In September 2008, he went home for two months leave and was offered two other ambassadorial postings: Buenos Aires or Tel Aviv.
This time he chose Tel Aviv because it was familiar to him and he and his wife already had friends here.
DURING HIS two-year stint, Hlavacek managed to bring Slovakia into sharper focus. This was evidenced by the exchange of visits by high-ranking officials from both countries. Hlavacek also set the wheels in motion for a visit to Slovakia by President Shimon Peres in the second half of 2011.
There is a chance, he said, that Prime Minister Binyamin Netanyahu will go there too.
Relations between the two countries became closer when Slovakia twice voted against the Goldstone report in the United Nations. It has also supported Israel in other international forums, said Hlavacek.
He was hopeful that the present government, elected last June, will continue with the courageous stand taken by the previous government when it dared to express opinions that deviated from those of the majority at the EU, especially in matters related to Israel.
“It makes a country stronger and more respected when it stands up for its values,” he said.
As far as domestic policy is concerned, Hlavacek was also hopeful that the present government would continue to take a positive attitude to “the rightful demands for restitution and compensation by Holocaust survivors,” and would follow the example set by former justice minister, and current Supreme Court president, Stefan Harabin, who imposed strict penalties on Holocaust deniers and accelerated the process for dealing with restitution and compensation claims by Holocaust survivors.
There are still some forces within Slovakia that have a resistant attitude to Jews, Hlavacek acknowledged, but on the whole there is no overt anti-Semitism, he said, noting that any expression of anti- Semitism was illegal.
Slovakia’s school curricula include educational programs about the Holocaust. And the Slovak Jewish Heritage Center, located in the capital of Bratislava, has developed a Heritage Route linking 24 Jewish sites around the country in association with the European Route of Jewish Heritage. Bratislava was for centuries a major center of Jewish life and learning, and is the burial place of Rabbi Moshe Schreiber, better known as the Hatam Sofer.
HLAVACEK IS not going back to the Foreign Ministry. It has become too politicized, he said, and is minimizing the role of career diplomats. “There is no respect for those who built the ministry or for the specifics of foreign service,” he said.
The way things are now, said Hlavacek, he doubts that he would fit in. So for the time being he will go back to his professional roots – the law. “I don’t want to waste my time, energy or knowledge for these people,” he said of the current powers-that-be at the ministry.
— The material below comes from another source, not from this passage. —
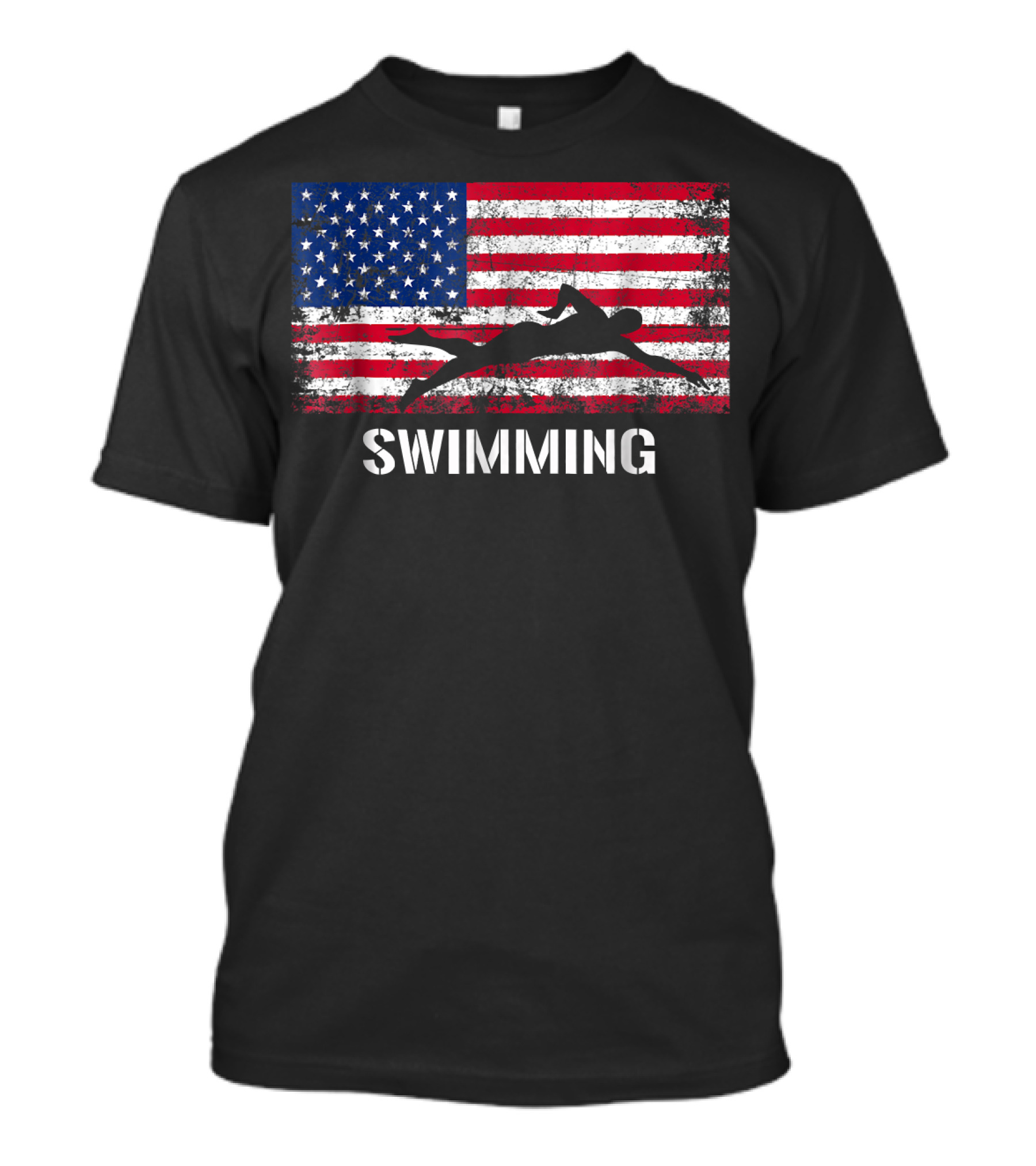 American Flag Swimming Team T-Shirt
He is particularly angry that they cancelled the Christmas vacation for all ambassadors who are in the process of completing their tours of duty. This is a measure that was apparently never taken in the past.
While members of Israel’s Foreign Ministry are not short on complaints, Hlavacek said that he envies the strength of its professional corps.
Foreign Minister Avigdor Lieberman respects the fact that the people in the ministry are long-term professionals, while he will be there for a limited time, said Hlavacek. “This is not so in Slovakia. This is something that Slovakia should learn from Israel. In Israel everyone knows their limits.”
Hlavacek plans to be back in Israel at least two or three times a year, possibly as a business consultant for legal aspects of joint ventures. One of his regrets is that very little has been done in the area of strategic R&D cooperation, even though Slovakia has a highly educated work force which could easily absorb Israeli know-how.
“It’s time to move forward from declarative talks to concrete action,” he said, and was cautiously optimistic that the present government, which has stabilized Slovakia’s economy, will recognize the advantage of deeper cooperation.
Meanwhile, in addition to consultancy work, he intends to do some teaching in the law schools of Czech and Slovakian universities and to maintain a relatively low profile. If things change at the Foreign Ministry, he might go back there, he said, “or I might go into politics.”